Eppure questa iniziativa, qualunque sia il proprio orientamento politico, andrebbe salutata con molta indulgenza perché ne è evidente la sua necessità ed anzi l’urgenza. L’Italia non ha tempo per aspettare altri 5 o 10 anni per provare a riorganizzare un’alternativa al campo socialista del presidente del Consiglio che abbia una piattaforma plausibile di governo e che non nasca dalla mera combinazione di materiali di risulta del vecchio centro-destra, senza una idea di paese condivisa aggiornata all’oggi. Soprattutto questa forza di governo, per essere capace di prendere senza traumi le redini del paese dal giorno dopo la vittoria alle elezioni, non dovrebbe essere sbilanciata (come i rapporti di forza oggi dicono) su posizioni eurofobiche ed autarchiche. Essere eccessivamente caratterizzata da visioni statolatriche tipiche della “destra sociale” con le sue Fornero da abrogare (80 miliardi di risparmi al 2021 al netto delle salvaguardie, magari da abbinare a puerili aliquote uniche al 15% senza il taglio di un centesimo degli 830 miliardi di spesa pubblica). L’estremismo ed il fondamentalismo di chi è in guerra contro tutto, aritmetica inclusa, non aiutano l’alternanza, ma tendono ad essere un’assicurazione sulla vita per le forze di governo bloccandola. Forse anche di questi tempi.
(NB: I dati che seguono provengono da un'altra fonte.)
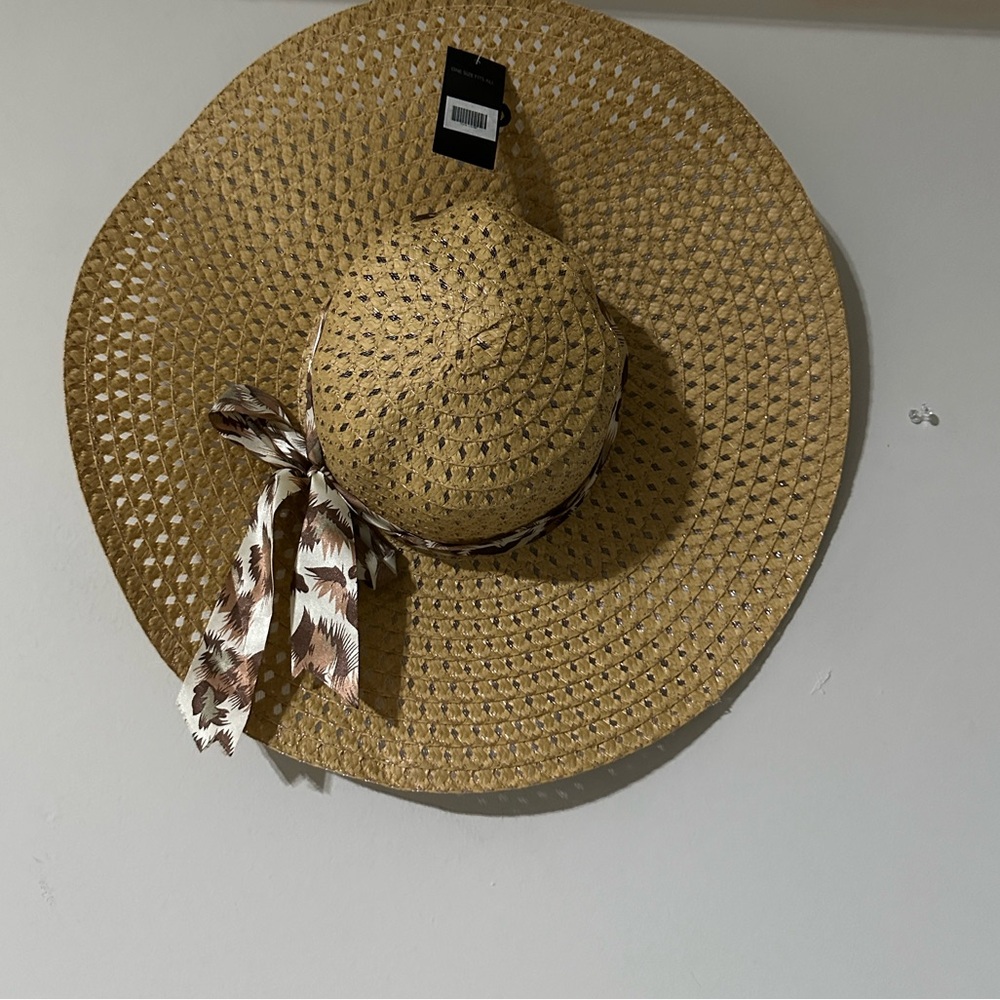 Unisex Leopard Print Ribbon Straw Sun Vacation Festival Beach Picnic Hats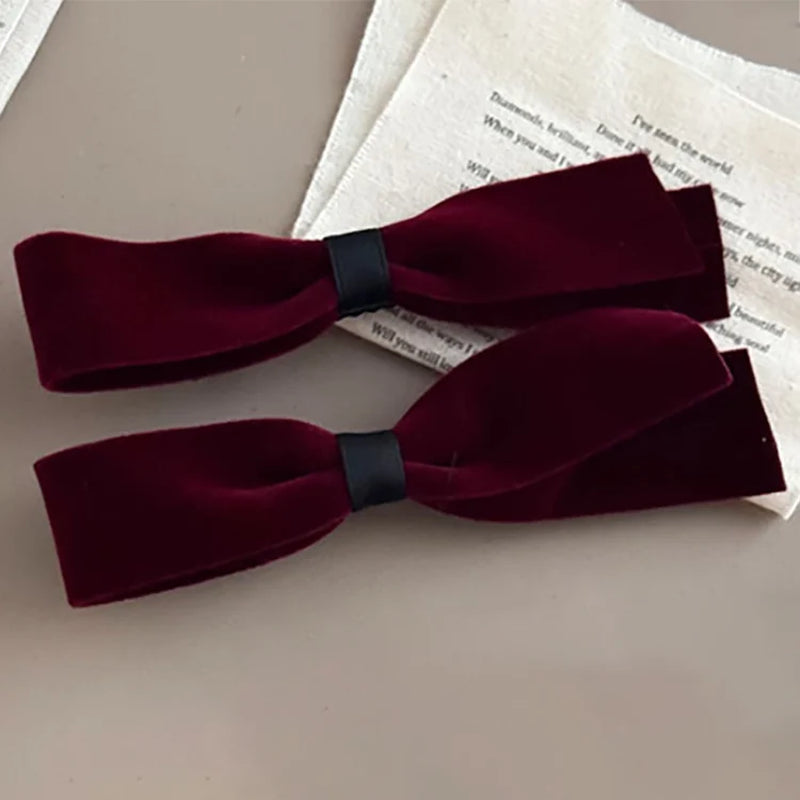 2Pcs/Set Bow Hair Clips Velvet Bow Knot Barrettes Korean Hair Clip Side Pin Hairpin Women Hair Accessories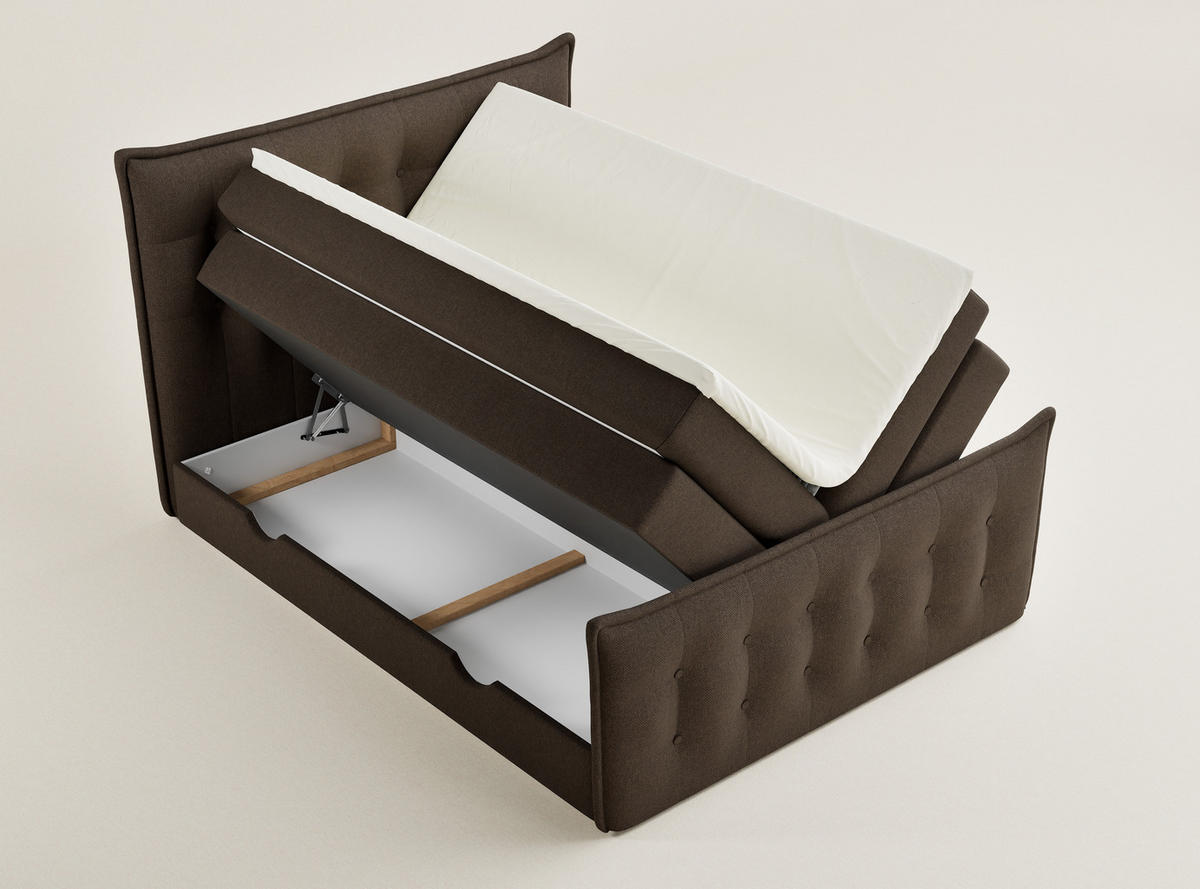 BOXSPRINGBETT Fatu 200/200 cm, in Braun, Bettkasten, Matratze, Topper - Schwarz/Braun, Holz/Holzwerkstoff (200/200cm) - Maison de Reve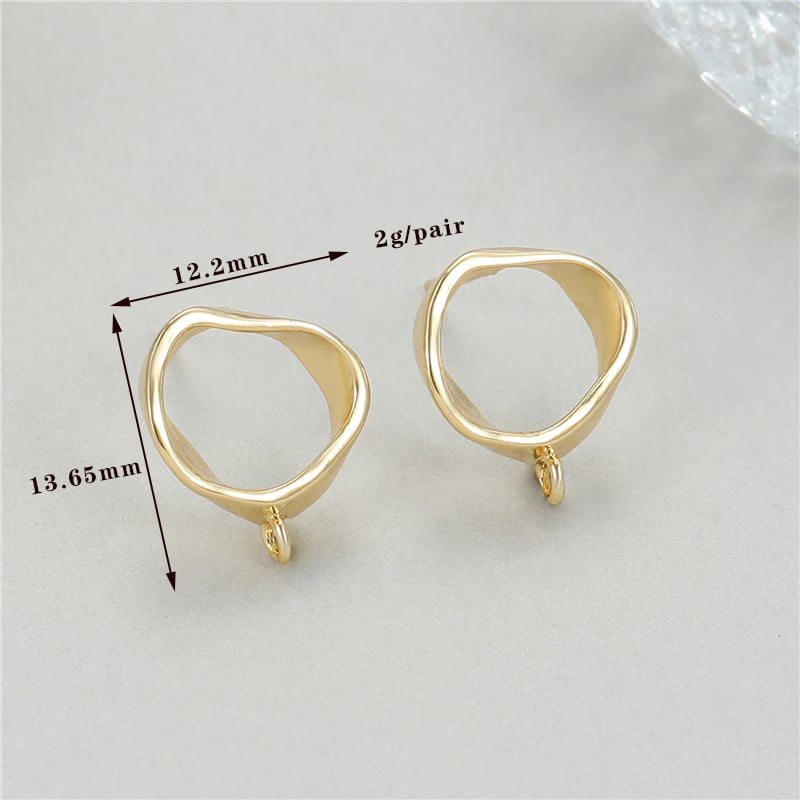 Geomeetrilise kujuga pronksist kõrvarõngad 925 hõbe postidega, elektroplaaditud viimistlusega, DIY poolvalminud kõrvarõngad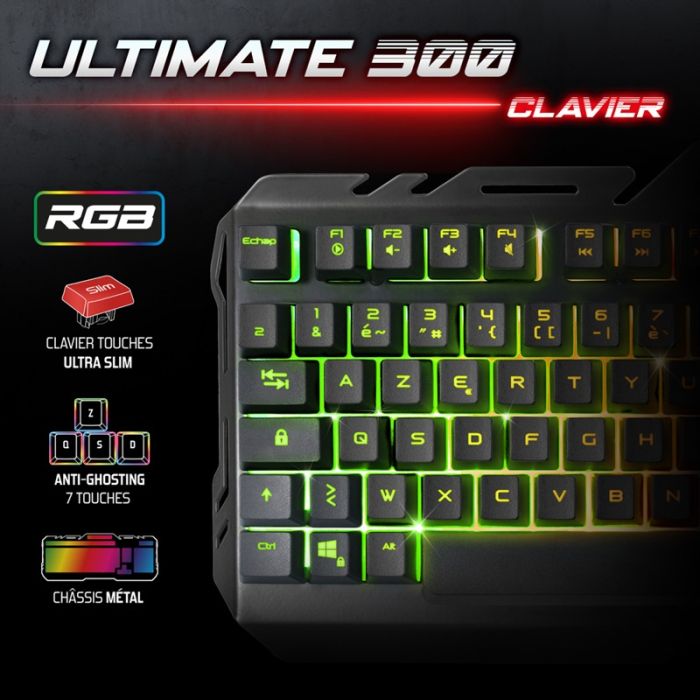 Pack Gaming 4en1 Gamer Spirit Of Gamer Ultimate MK300 RGB - Noir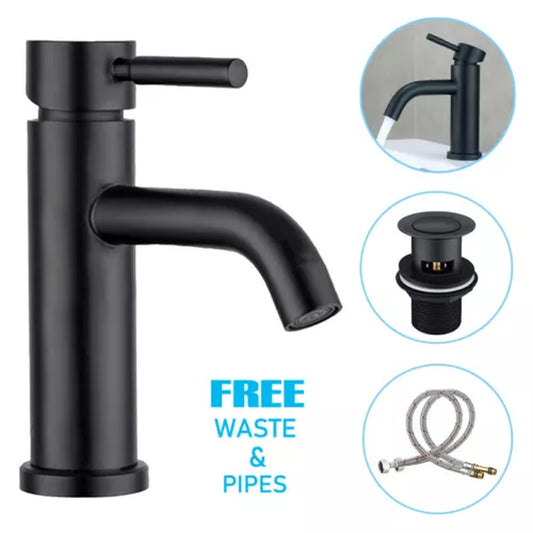 Modern Waterfall Bathroom Tap – Black Basin Sink Mono Mixer Faucet with Waste Set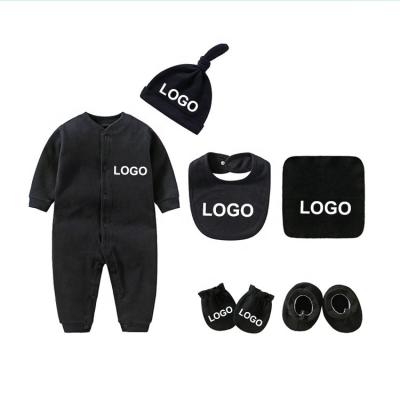 China Supply Factory Customized Breathable Newborn Cotton Simple Set 6 Piece Baby Pajamas Rompers Baby Sleepwear Dress Sets for sale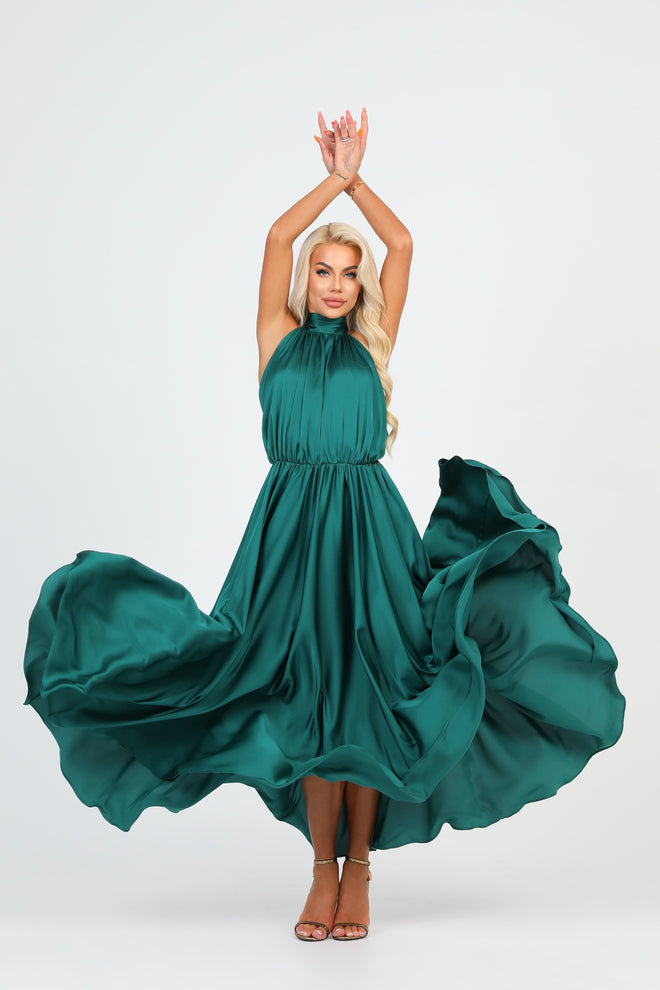 Emerald Green Silk Satin Dress Halter Neckline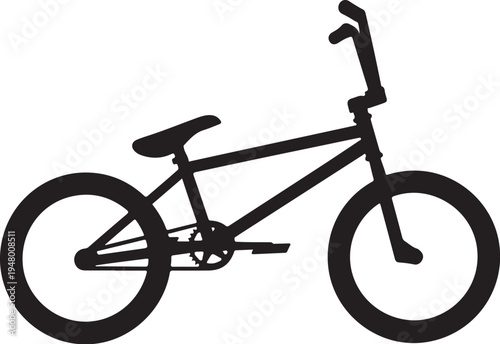 Vector bicycle icon, black BMX bike silhouette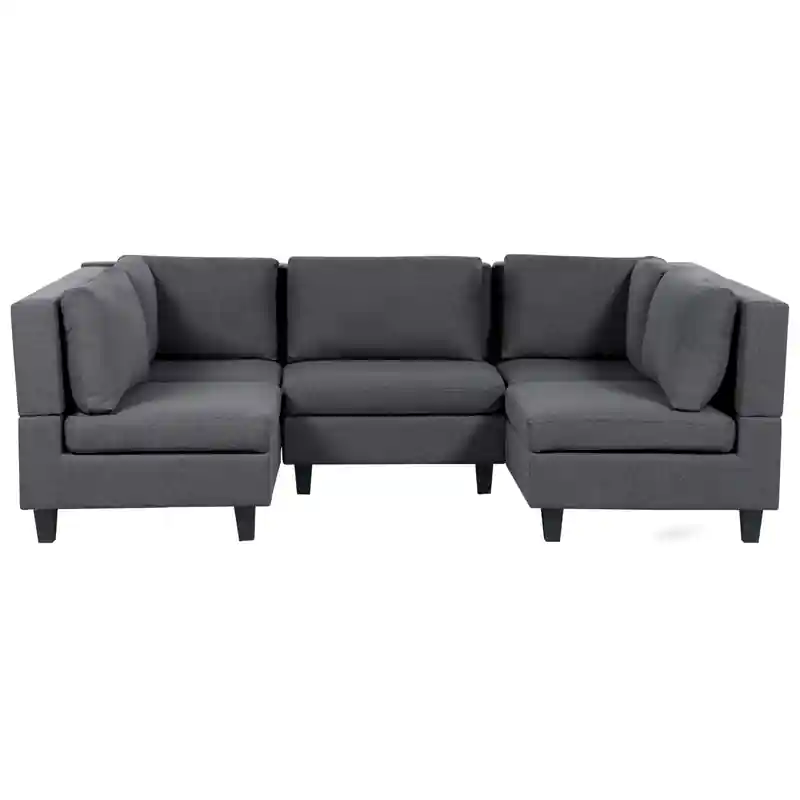 UNSTAD - Modulaire bank - Donkergrijs - 5-zits - Polyester Nieuwe Collectie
Come pare inimmaginabile, per una nazione dell’importanza dell’Italia, che l’unica opzione oggi data alle cancellerie europee, come ad un padre di famiglia italiano non incline alle avventure, sia sostenere il presidente del Consiglio o farsi il segno della croce per un salto nel buio cosmico di Gaia. Per quanto tempo ancora insomma quel 40-45% che non vota o non sa chi votare dovrà scegliere esclusivamente tra movimenti con il cuore nel chavismo (nazionalismo autarchico, pseudo democrazia diretta, stato pervasivo ed organizzatore di una società utopica), connotati da evidente autismo politico, e le forme di socialismo più mite del partito di governo? Perché il dato da cui partire per una nuova forza politica è proprio questo. Se quel partito di maggioranza relativa alla finestra, volesse invece seguire l’onda della chiusura, della paura, della rabbia, del revanchismo utopico contro la globalizzazione, l’offerta non gli mancherebbe. E invece aspetta. Ma cosa? Se Parisi sarà bravo, molto bravo dati i venti contrari, ad imbastire un’offerta dotata di radicalità e credibilità, alternativa alla narrazione del presidente del Consiglio ma non per questo distruttiva di ogni capacità di riconoscerci come comunità, si potrebbe avere qualche indizio al proposito.